Dr Komal Chavan, obstetrician and gynaecologist at BMC-run Dr VN Desai Hospital in Andheri, said that the rise in metabolic diseases because of lifestyle patterns is one of the reasons behind increasing incidences of GDM.
“Polycystic ovary syndrome (PCOS) or polycystic ovarian disease (PCOD), a hormonal disorder among women of reproductive age, is on a rise. Screening for GDM has also improved in pregnant women which led to a rise in the numbers. It is important to detect GDM as it has an impact on both the mother and the unborn child. It helps avoid adverse outcomes,” she said.
While 70% of the GDM positive pregnant women manage to control sugar levels with diet therapy and do not need medications, Dr Chavan said insulin is advised only when medication fails to control the sugar levels.
“If the blood sugar levels are not maintained with higher doses of medicines, we put such patients on insulin. It is the safest option in pregnancy,” she added.
As per an article published in the Indian Journal of Community Medicine in 2019, the prevalence of GDM reported from different parts of India stands at 3.8% to 17.9%.
Dr Sudeshna Ray, gynaecologist and obstetrician, Jaslok Hospital- Peddar Road, said that good counselling and explaining the risks and interventions is vital to make GDM women stick to the control routine through diet exercise and medications if needed.

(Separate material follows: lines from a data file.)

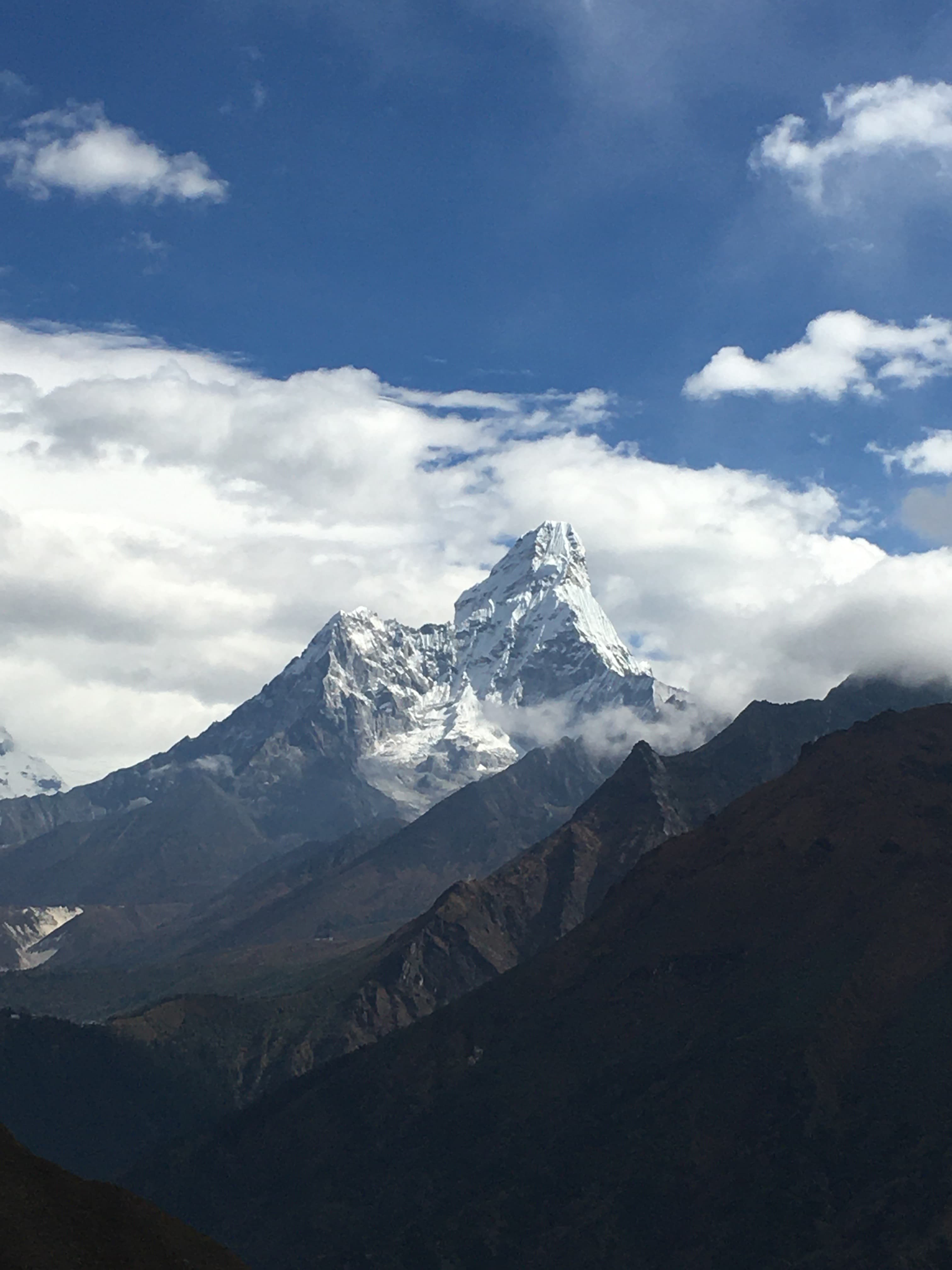Ośnieżony szczyt himalajski widziany z trasy wyprawy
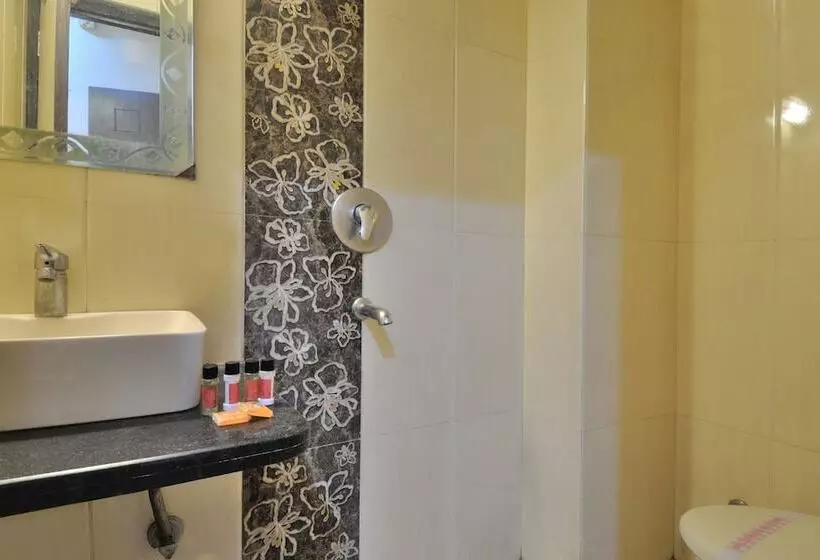 Fotos del hotel Sonu Dx New Delhi Railway Station  All Staff Vaccinated:  7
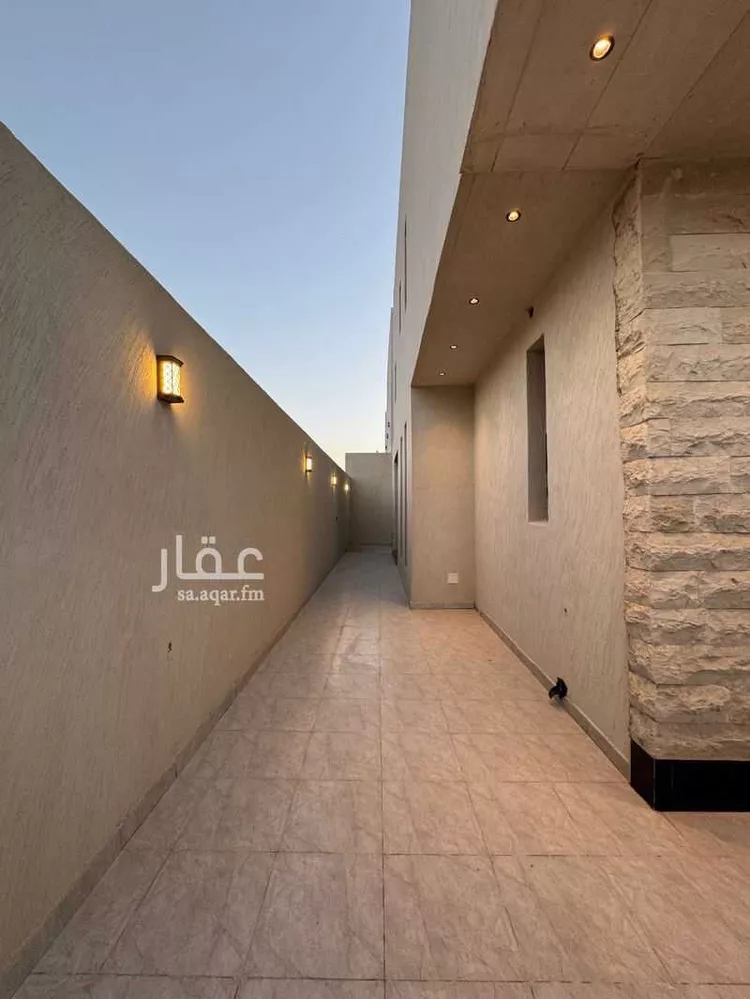 فيلا للبيع في شارع زهير بن حرب, حي النرجس, مدينة الرياض, منطقة الرياض صورة 3
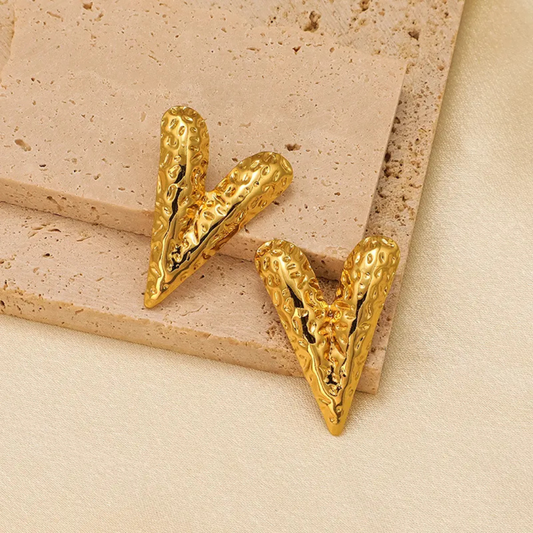 Luxurious tarnish gold heart stud earring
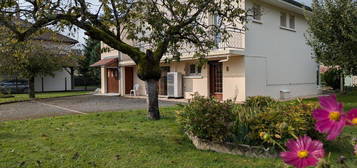 Maison individuelle au calme avec grand terrain arboré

“GDM is seen in increasing prevalence these days. The main reasons behind this are increased age at first pregnancy, PCOS, pregnancy through ART (assisted reproductive technology), family history of diabetes, obesity, increased weight gain during pregnancy, lack of exercise, and sedentary lifestyle with increased stress level,” she said.
Dr Ray added that screening for GDM during pregnancy should be universal and as per national and international guidelines at every level-primary, secondary and tertiary care. Pregnancy is a huge challenge to the glucose metabolism of the body and hence a good time to detect pre-diabetics and overt diabetes.
“GDM not only increases pregnancy complications such as high blood pressure, infections, miscarriages, preterm labours, operative deliveries, delivery and neonatal complications, it also increases the risk of the mother remaining diabetic and even the child being diabetic in adult life. Hence, detection and control have to be stringent during pregnancy,” she explained.
According to doctors, timely treatment of GDM not only protects the offspring from getting diabetes in future but also will help doctors in advising contraceptives. “If we know the patient had GDM, we suggest the right type of contraceptives that should be used. Taking the wrong contraceptives can only add to diabetes problems,” said Dr Ashwini Bhalerao Gandhi, consulting gynaecologist, PD Hinduja hospital.